ПАВЕЛ Николаевич Петров, человек неопределенного возраста – ему можно было дать одновременно и двадцать пять, и пятьдесят – бросил телефонную трубку на аппарат и шепотом, но от души выругался. Эта ведьма способна любого покойника из гроба поднять, довести до белого каления, снова загнать в гроб и еще молотком заколотить крышку. Сколько денег он на нее извел – на телефонные разговоры – и напрасно. Между тем минута разговора с Канадой – 10 американских долларов. Правда, госкомиссия обещала компенсировать расходы – с прошлого года все обещает, но пока ни копейки не дали. Поэтому, когда ему приносили телефонные счета, он, вглядываясь в очередную сумму, каждый раз приходил к мысли, что наступил конец света.

А кто подсчитает, сколько нервных клеток было безвозвратно сожжено за все то время, когда он уговаривал Куликовскую-Романову и даже уверял, что готов сию минуту стать перед ней на колени (виртуально, разумеется!), чтоб она согласилась дать материал на экспертизу.

Объяснить ее упрямство одной лишь дворянской спесью или каким-то там действительным или мнимым желанием строго выполнить волю только что умершего мужа – значит, ничего не объяснить. Конечно, мотивами могут быть и все перечисленные, но это – объяснения для дураков. Здесь что-то еще. Скорее всего, она злится оттого, что ее обошли на вороных, хотя с самого начала она могла войти в дело. Ей и ее тогда еще живому супругу намекали. Они намеков не поняли. Нет, конечно, только притворялись, что не поняли. А теперь признаваться поздно.

Вдова племянника императора Николая II, судя по всему, привыкла играть первую роль – и не только у себя на кухне. «Нет, мадам! Свободная Россия – это тебе не кухня твоя, это немножко другое», – мстительно подумал Петров.
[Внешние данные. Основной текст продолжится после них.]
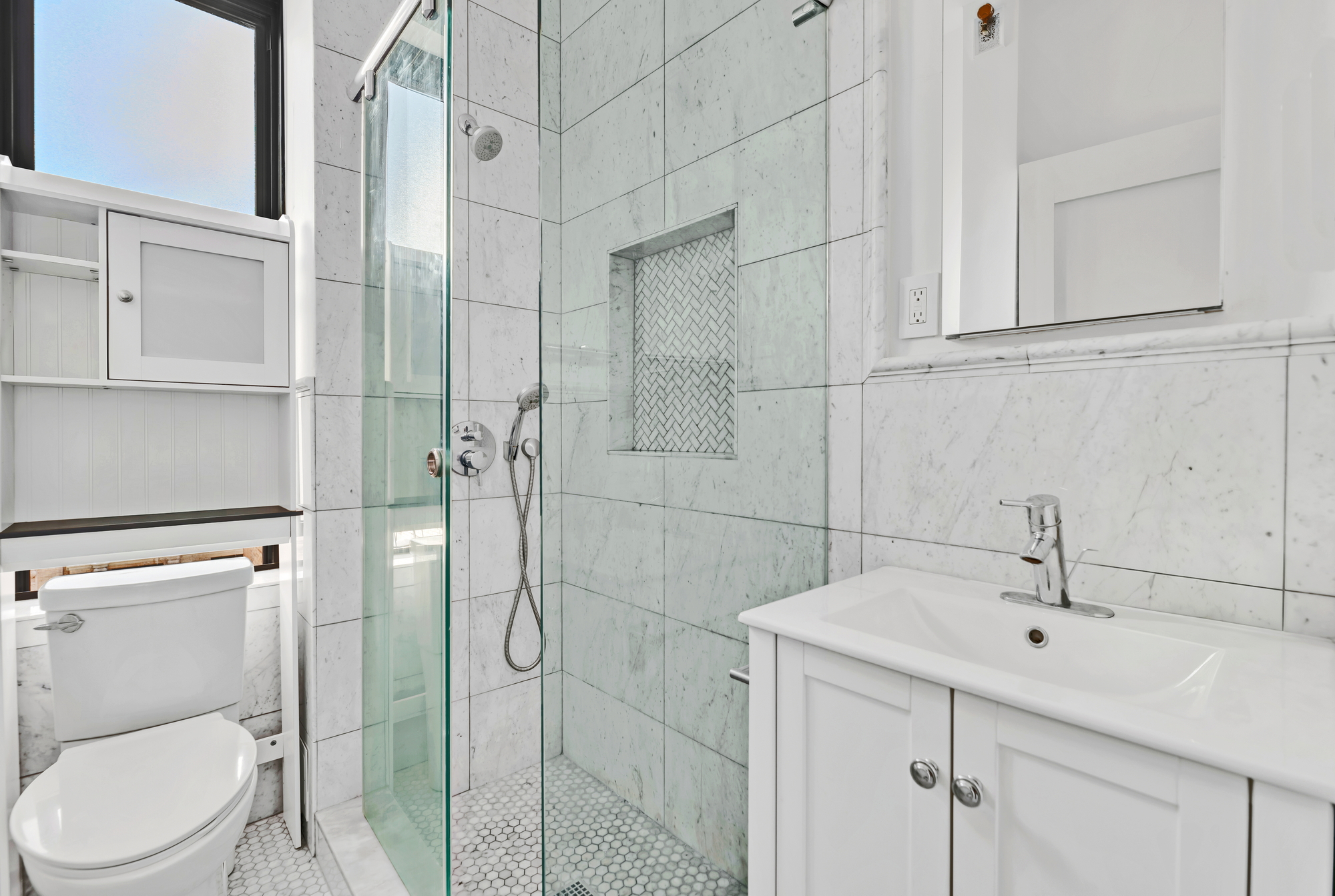 545 West 111th Street, Unit 10G Manhattan, NY 10025 - Photo 5 of 12 a bathroom with a sink a toilet and shower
Павел Николаевич считал себя человеком в жизни умудренным – и не без оснований. И был убежден, что несговорчивость Тихона Куликовского-Романова, а теперь, после его смерти, железное упрямство его вдовы – не что иное, как самый обычный коммерческий торг. Но удивляло его и раздражало его не то, что племянник Николая II решил сорвать свой куш. А то, что и он, когда был еще жив, и его вдова упорно не желали в том признаваться и договариваться, как принято между нормальными деловыми людьми. Еще лет двадцать назад он поверил бы в бескорыстие мотивов русско-канадских родственников царя, да и любых других на их месте, да и в собственное бескорыстие поверил бы! Но тогда была другая жизнь, другие нормы, другая мораль, и считалось, что есть на вещи важнее денег. Теперь такое может утверждать либо большой идиот, либо большой игрок, который рассчитывает на львиную долю и ради нее притворяется либо бедным евреем, либо обиженной вдовой. И это он не сам придумал. Такова мораль в цивилизованном мире. Такова она теперь и в России. И опыт новой жизни привел его к твердому выводу: потри щеткой любого идейного и принципиального упрямца, и под его идеями обнаружишь только желание денег. Все дело лишь в уровне притязаний. Не зря самый гениальный за всю историю Франции дипломат, циник, казнокрад и вообще негодяй – князь Талейран высказался: «Если кого-то нельзя купить за деньги, его можно купить за большие деньги. А если и тогда нельзя, то можно за очень большие». Его формула почти через два века блестяще подтверждается в России.